A new California law intended to increase employees’ voluntary retirement savings sounds good on paper, but the success of the state-run “Secure Choice” program will hinge on practical reality -- or rather, “the devil will be in the details.”

Employers with five or more workers who currently offer no retirement plan will be required to set up automatic per-pay-period voluntary retirement plan deposits, except where an employee signs a waiver opting out of the plan. In today’s 401(k) world, this concept has been around for years and is referred to as “negative enrollment.”

It works. People who have money saved for them by default will shrug it off and accept it rather than sign a form saying they do not agree to have, say, 3 percent of each paycheck socked away in a retirement plan.

What we know about human behavior is that people will agonize over something and wind up doing nothing. Retirement plan paperwork can gather dust, and a pen used to sign up for a disciplined savings program might as well weigh 50 pounds. But major forces in the traditional 401(k) business, such as Fidelity, learned long ago that automatic enrollment increases plan participation by almost 50 percent. It’s a behavioral economics trick that works.

While the California program will apply to companies of all sizes that do not currently offer 401(k) plans, it is rare that companies of more than 25 people don’t already do so. So this law will be aimed at small (under 25 employee) companies that, by the way, employ roughly 90 percent of all workers nationwide -- though for our purposes we can exclude companies with under five people.

A further advantage is that these plans will have no requirement to adhere to complicated IRS and Labor Department legislation. Current laws that force employers to make matching contributions or otherwise limit what highly compensated employees and owners can contribute will not be applicable to Secure Choice.  

As for investment selection, there will initially be just one -- a government bond fund. Within three years, there will be other investment choices that involve common stocks but whose downside will be protected, in part, by a side fund or “reserve account.” So here is where the proposed scheme threatens to run up on the rocks.
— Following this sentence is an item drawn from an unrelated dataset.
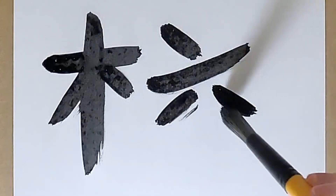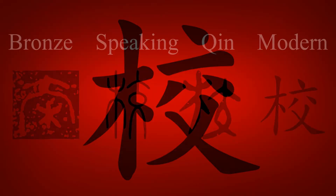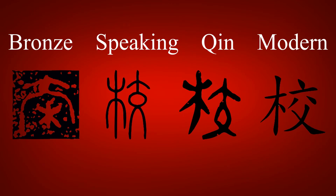This character is composed of two parts. On the left is ki, the character for tree. The character on the right looks like it is composed of two parts, with chichi, father, on the bottom. However, it is a single radical, depicting a person sitting with crossed legs. This gives the image of children sitting, learning by a tree, which hints at the meaning of school.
Any effort to guarantee results -- or even minimize them to a limited extent -- opens the door to victimization on the part of financial organizations who make the promise. The cost of buying protection against the downside is always much higher than the value of the protection itself. This is why variable annuities that “always promise to give at least your money back” are such a rip-off -- and such a feeding trough for companies that sell them.

To see the state of California wading into what could be a quagmire of complicated decision-making -- conducted by self-interested financial service companies and a board of political appointees -- doesn’t strike me as being a value-added proposition. Taxpayer startup costs are reputed to be roughly $89 million, which would be recovered as the fund accumulates $3 billion in the first year and $28 billion by year six. Dream on.  

Furthermore, here’s a simple example of how things can go wrong: Today, a major financial organization had set up dozens of 401(k) plans with a negative enrollment feature -- and then was found to have failed to monitor whether the money was actually being automatically deposited for employees who didn’t waive out. It hadn’t been, so people who assumed they had 3 percent or more automatically contributed have nothing. The law is clear that an employer is liable and has to contribute what should have been deposited by default into the plan by the negative-electing employee -- plus interest  Wait until similar glitches strike this noble experiment.

Assuming that all goes well, it’s good for everyone to be saving more. An unintended consequence, moreover, may be small employers with no plan could be prompted to adopt a conventional off-the-shelf private plan. They would argue that the hassle factor and expense of these plans is less burdensome than dealing with the Secure Choice mandate with its questionable investments and costs to participants.

Don’t get me wrong. I wish this program well and hope that 10 years out we don’t look back at what turned out to be what we refer to as a “scheme” in this country.